You can’t reason with a libertarian who relies upon moral intuition any more than you can reason with a progressive who relies upon moral intuition.

So, it’s pretty clear to me today, that libertarians are as morally blind (or in Haidt’s terms ‘tasteless’) as progressives are (albeit at a different part of the spectrum), and that the only conservatives can carry on a rational moral discussion – because only conservatives are not affected by large moral blind spots. The data says it. But I just experienced it first hand. And I hate what it means. It means that libertarians are just as irrational and impenetrable as progressives.

That doesn’t mean that libertarians haven’t solved the problem of formal institutions. They have. (Hoppe has.) But it means that except as a sort of minority conducting intellectual experiments, libertarians are useless for the purpose of discussing political solutions. They’re by definition ‘immoral’. Or perhaps a form of moral color-blindness in which the majority of the spectrum is invisible to them.

I’m a conservative libertarian. I place a premium on liberty and discount all the other moral values. That’s the definition of the moral intuitions of a libertarian. But that PERSONAL intuition and personal objective, is different from my understanding of POLITICS as a set of institutions that allow heterogeneous peoples to cooperate on means even if they possess competing ends. (Give the citizenry a circus and let their actions sort them out.)

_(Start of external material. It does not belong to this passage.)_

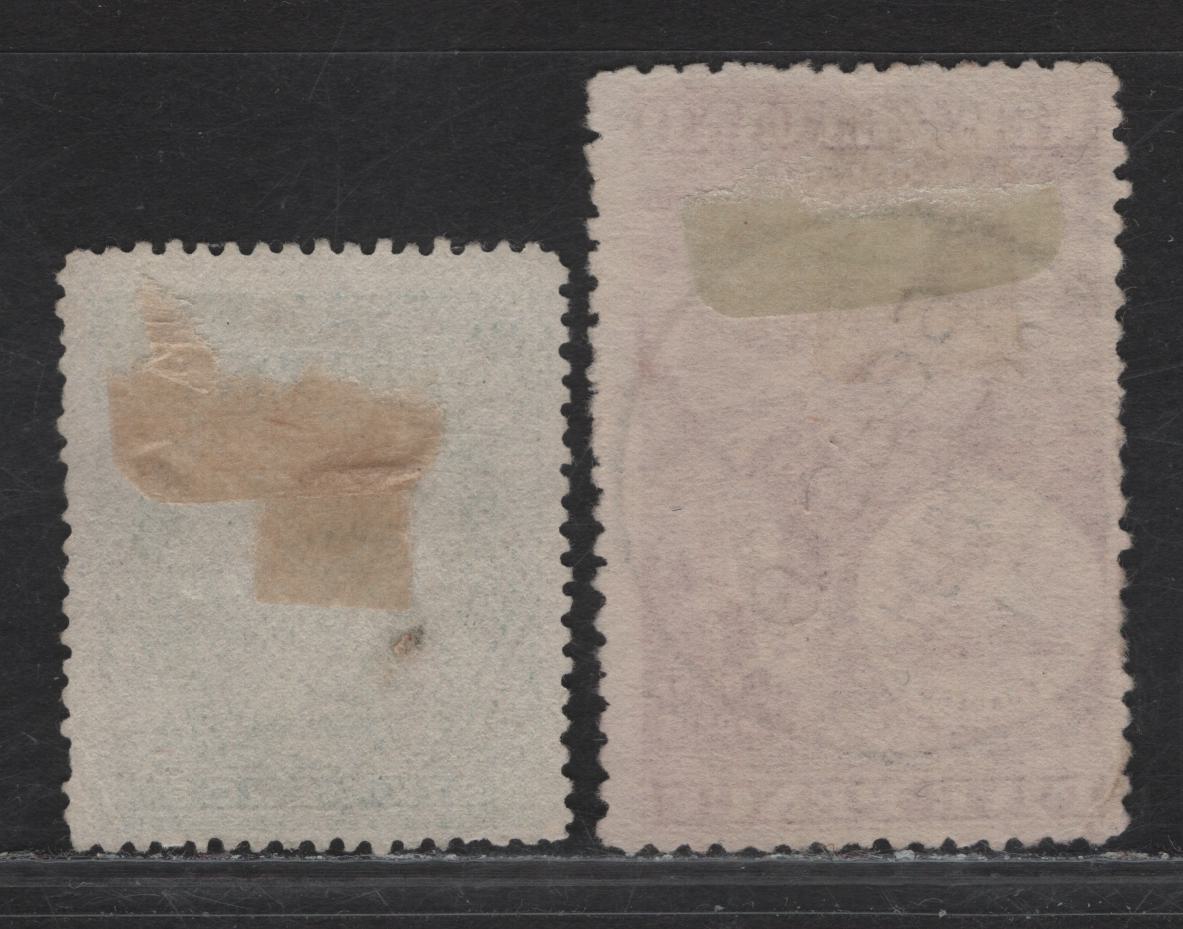 Lot 44 New Zealand (C) SG#253a, 254 5d - 6d Purple Brown - Green Otira Gorge - Brown Kiwi, 1898 Pictorial Issue, 2 Fine Used Singles, 5d With Nice Sept 6 1899 Port Chalmers CDS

1) RED : PROGRESSIVISM – Sees only red. (Harm/Care : the adaptive challenge of caring for vulnerable children.)
2) BLUE : CONSERVATISM – Sees red, blue and yellow (Harm/Care, Proportionality, Authority/Hierarchy/Duty, Loyalty, Purity/Sanctity, Liberty/Oppression)
3) GREEN : LIBERTARIANISM – Sees only green (Liberty/Oppression : )

- Libertarians are “Red/Blue color blind.”
- Progressives are “Green/Blue color blind.”
- Conservatives are not color blind at all.

Just how it is.


You can’t actually reason with a libertarian who relies upon moral intuition. It’s as irrational as trying to reason with a progressive who relies upon moral intuition. Both just justify their positions.

You can reason to a conservative, or conservative libertarian, *EVEN IF* they rely on moral intuition. Because they aren’t morally blind to any part of the spectrum.

And here I keep thinking (stupidly) that because I am not morally blind, even though I place a premium on liberty, and because I understand the RESULT of libertarian moral blindness: the reduction of all rights to property rights – that other libertarians will of course be as rational as I am.

But that’s not true. I am literally talking to people who are for all intents and purposes, physically incapable of moral discourse, just as a color blind person is physically incapable of aesthetic discourse on colors that he cannot see. (Or the disability called “Ageusia” which prohibits taste.)


There is some point at which individuals abandon intuitionism (feelings) and resort to either rationalism (rules), or ratio-empirical science ( outcomes) for their epistemic judgements. The only libertarians that one can speak to rationally about morality are those that have abandoned intuitionism. And since it APPEARS to me that rationalism is just a form of justification, then further it appears that only those who adopt the ratio-scientific level of thought, abandon both intuition and justification, are capable of discourse.

That means that we are very limited in the number those people who possess the capacity for rational discourse on ethics and politics. And that since only conservatives are not morally spectrum blind, that it is only conservatives who can rationally discuss these issues EVEN IF they are relegated only to intuition.


Conservatives form the base of an inverted pyramid.
Progressives and Libertarians are specialized variants of human.
Progressives are ‘excessively female’ and libertarians ‘excessively male’.
(I think some conservatives specialize in being ‘warriors’ but they’re indistinguishable because they have identical moral intuitions.)
Where progressive, conservative and libertarian refer to moral intuitions.


The more I work on this problem the more I see humans of different moral persuasions just like specialized forms of ants. ‘Cause pretty much, that’s what we are.